My answer for the question in the subject, without storing pattern in a second file. Here is my test file:

$ cat animals.txt 
cat 13123 23424 
deer 2131 213132
bear 2313 21313
dog 123 4335
cat 13123 23424 
deer 2131 213132
bear 2313 21313

GNU sed:

 $ sed '0,/^dog 123 4335$/d' animals.txt 
 cat 13123 23424 
 deer 2131 213132
 bear 2313 21313

Perl:

$ perl -ne 'print unless 1.../^dog 123 4335$/' animals.txt
cat 13123 23424 
deer 2131 213132
bear 2313 21313

Perl variant with pattern in a file:

$ cat pattern.txt 
dog 123 4335
$ perl -ne 'BEGIN{chomp($p=(<STDIN>)[0])};print unless 1../$p/;' animals.txt < pattern.txt
cat 13123 23424 
deer 2131 213132
bear 2313 21313
4

If the input is an lseekable regular file:

With GNU grep:

{ grep  -xFm1 'dog 123 4335' >&2
  cat; } <infile 2>/dev/null >outfile

With sed:

{ sed -n '/^dog 123 4335$/q'
  cat; } <infile >outfile

A GNU grep called w/ the -m option will quit input at the match - and it will leave its (lseekable) input fd immediately after the point it found its last match. So calling grep w/ -m1 finds the first occurrence of a pattern in a file, and leaves the input offset at precisely the right place for cat to write everything following the pattern's first match in a file to stdout.

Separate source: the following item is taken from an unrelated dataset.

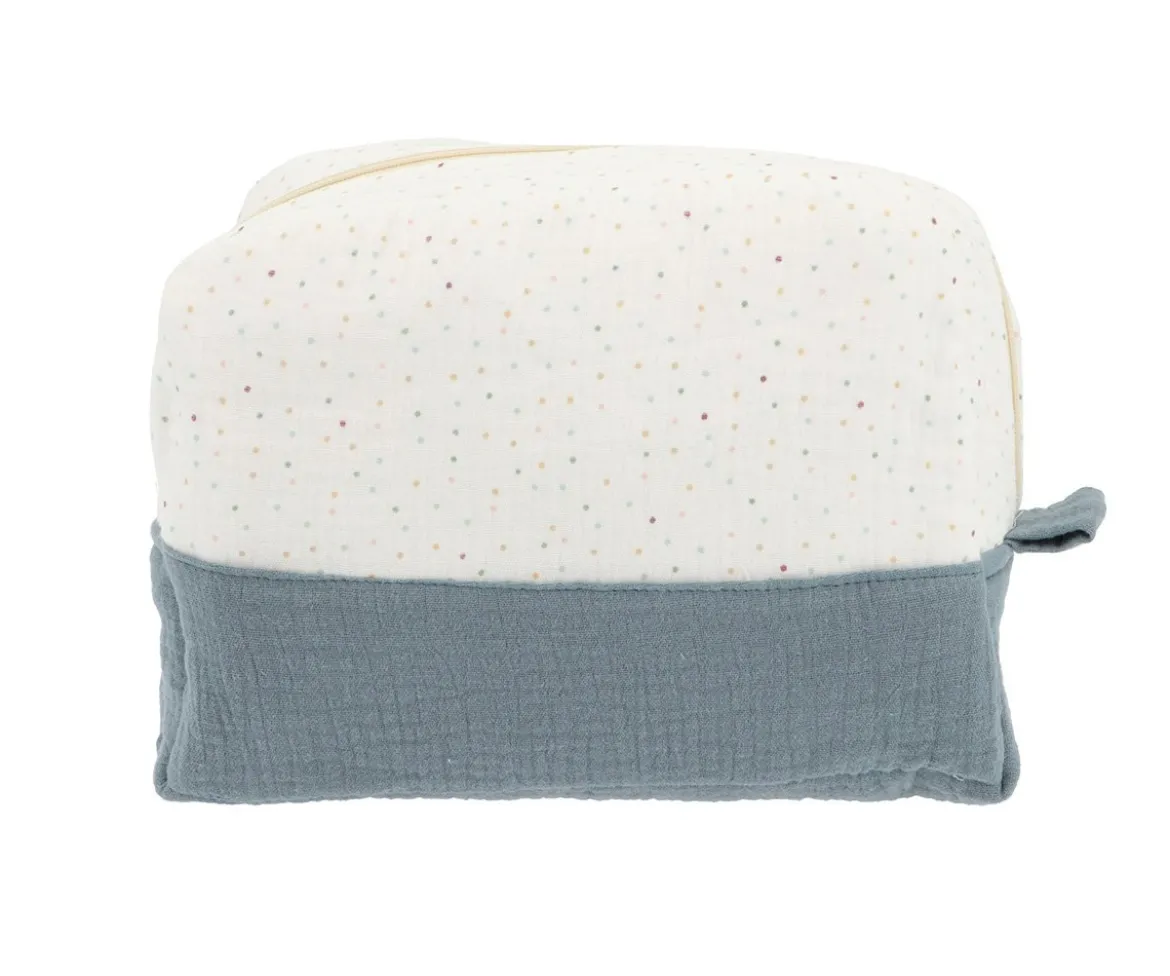 Neceser Grande Rainbow Dots Azul Personalizable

Even without a GNU grep you can do the exact same thing w/ a POSIX compatible sed - when sed quits it is specified to leave its input offset right where it does. GNU sed is not standards-compliant in this way, though, and so the above will likely not work w/ a GNU sed unless you call it with its -u switch.

  • note, the sed stream sharing demonstrated here is not specially (though, yes, the standard referenced does specifically example sed as a utility thus capable) of the free-form and conditionally cooperative workflow shown. notably, all standard utilities are meant and specified to thus cooperate and share cursor positions of input streams without failing the next reader any processing at all. grep -q should do this; quietly grep should return as soon as any match in input is found, and any remaining of input should not, by standard, be consumed by default. – mikeserv Oct 29 '18 at 10:43
2

Wth ed:

ed -s file1 <<< '/dog 123 4335/+1,$p'

This sends one print command to ed in a here-string; the print command is limited in range to one after (+1) the dog 123 4335 match until the end of the file ($).

1

If you don't mind the creation of a temporary file, and have csplit available, this works:

sh -c 'csplit -sf"$1_" "$1" "%^$(cat "$2")%+1" && cat "${1}_00"' sh file1 file2

Note file1 is the input file and file2 is the pattern file (as stated in the question).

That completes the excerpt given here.